British Airways and BBC in Russian-linked cyber attack

Multiple companies have been subjected to a cyber-attack today, which could affect thousands of their employees.

On Monday, June, 5, both British Airways (BA) and the BBC confirmed the cyber incident had compromised employee’s personal data of their staff which had impacted their payroll provider Zellis, according to The Record.

Over 21,000 people are employed by the BBC who said they were: ‘aware of a data breach at our third party supplier, Zellis, and are working closely with them as they urgently investigate the extent of the breach.’  They were quick to point out that at this stage they do not believe that workers’ bank details had been exposed to hackers.

BA, which has around 34,000 staff in the UK, confirmed that it too was ‘one of the companies impacted by Zellis’ cybersecurity incident which occurred via one of their third-party suppliers called MOVEit.’

Last week it was revealed that security experts had found more than 2,000 occasions of the MOVEit file transfer tool being exposed to the public internet.

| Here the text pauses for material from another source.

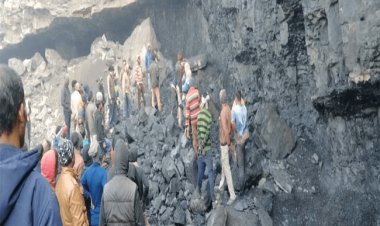 धनबाद: निरसा इलिगल कोल माइनिंग में आठ लोगों की मौत, कई के दबे होने की आशंका, अफरातफरी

Other high-level clients handled by Zellis include Aer Lingus, Jaguar Land Rover, as well as engineering company Dyson.

The high-street pharmacy chain Boots, with over 57,000 people in the U.K. and Ireland, has also been affected, although to what level is unclear.

Aer Lingus confirmed their links with Zellis and added that ‘some of our current and former employee data’ has been disclosed. However, crucially is is not thought that any financial or bank details were shared.

A shocked staff member for BA reportedly said: ‘I woke up to an email to find out all my details needed to steal my identity have been stolen from my company.’

A BA spokesperson said, ‘Zellis provides payroll support services to hundreds of companies in the UK, of which we are one… We have notified those colleagues whose personal information has been compromised to provide support and advice.’

This issue it seems has not been confirmed to the UK.  A statement from Zellis said that ‘a large number of companies around the world had been impacted and that ‘a small number of our customers have been impacted by this global issue.’

Zellis pointed out that they were quick to address the security breach: ‘Once we became aware of this incident we took immediate action, disconnecting the server that utilises MOVEit software and engaging an expert external security incident response team to assist with forensic analysis and ongoing monitoring.’

In conclusion, they said that the UK and Republic of Ireland data protection authorities as well as both National Cyber Security Centres had been informed.

On Sunday, Microsoft was aware of the attacks on the MOVEit tool and named a group called Lace Tempest responsible. The group has a history of attacks using a type of ransomware known as Clop.

Secureworks’ Rafe Pilling said the group behind Clop was a Russian-speaking cybercrime group.